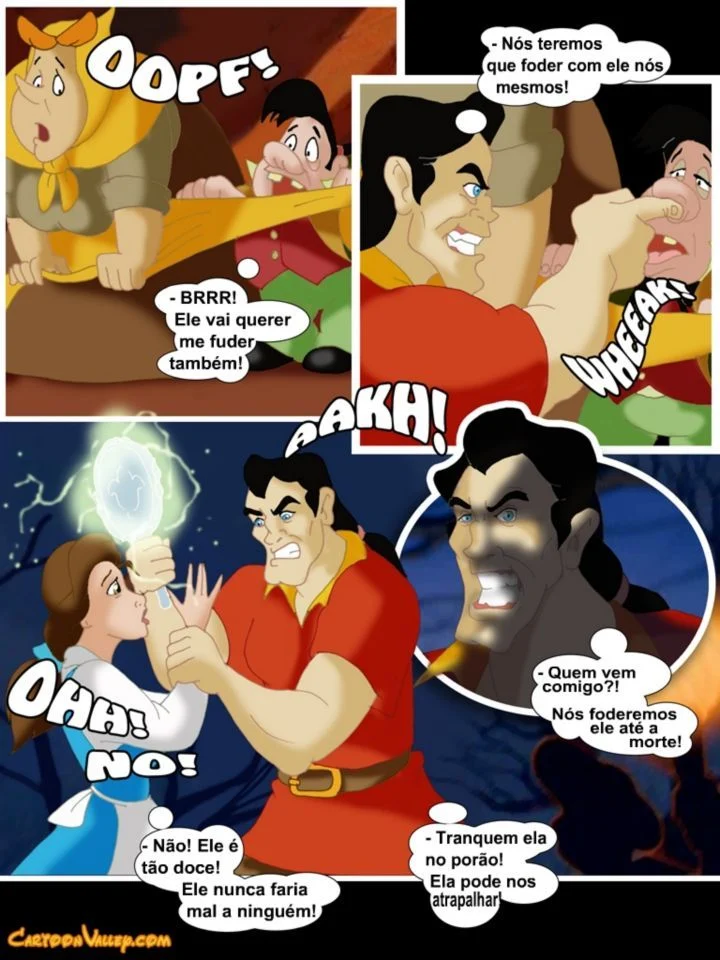 Historinhas de sexo Disney A Bela e a Fera a verdadeira orgia – Disney Hentai – Alta Qualidade - Traduzido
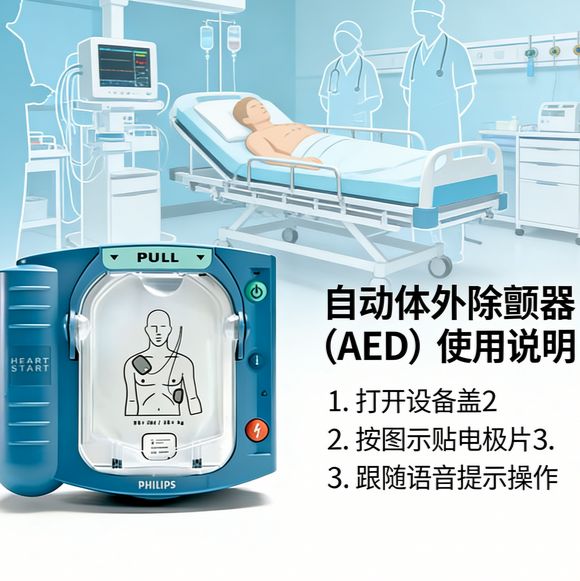 除颤器aedM3535A除颤监护仪急救设备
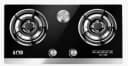 Nasgas Hob Double Burner DG-GN2 Glass Top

## YOUR OBJECTIVE
Word for word, reproduce all of the data, but keep out the pictures.

## TASK ANSWER
 Historinhas de sexo Disney A Bela e a Fera a verdadeira orgia – Disney Hentai – Alta Qualidade - Traduzido
 除颤器aedM3535A除颤监护仪急救设备
 Nasgas Hob Double Burner DG-GN2 Glass Top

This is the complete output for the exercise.